Overview
- Institutions named in recent reports include Chester, Wolverhampton, East London, Sunderland, Coventry, Hertfordshire, Oxford Brookes, Glasgow Caledonian, and BPP, with some categorising Pakistan and Bangladesh as high risk to protect sponsor licences.
- Examples of actions range from full pauses to limited intakes: Chester halted recruitment from Pakistan until autumn 2026, Wolverhampton is rejecting undergraduate applicants from both countries, and the University of East London has paused recruitment from Pakistan.
- Hertfordshire, under a Home Office action plan, suspended recruitment from Pakistan and Bangladesh until September 2026, while Oxford Brookes paused January 2026 undergraduate entry from both countries and plans to resume processing for September; Glasgow Caledonian paused for September but reinstated for January.
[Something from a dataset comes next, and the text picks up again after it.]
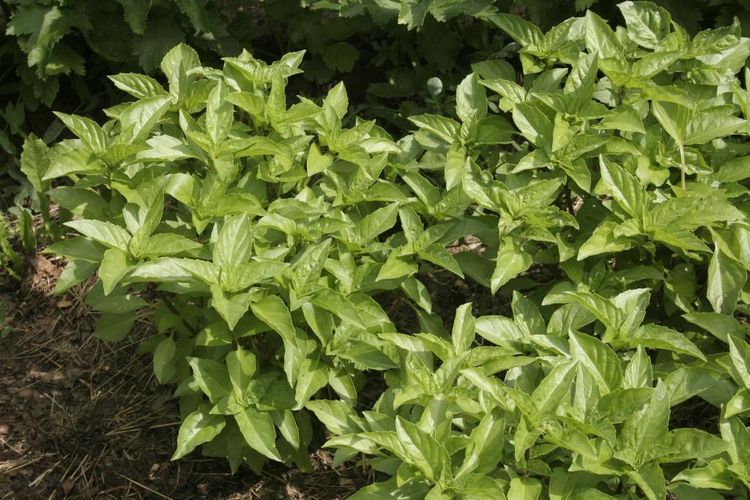 Produktbild: Heistinger, A: Basilikum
- The Home Office cut the permitted visa refusal rate for sponsors to 5% in September, while student visa refusals averaged 18% for Pakistan and 22% for Bangladesh in the year to September 2025, accounting for half of 23,036 refusals.
- Ministers warned the study route must not be used as a backdoor to settlement as asylum claims from international students rose; universities defend tighter screening as compliance, while agents say genuine applicants are being harmed, and official estimates still flag 22 institutions at risk with up to five potentially losing sponsorship affecting about 12,000 students.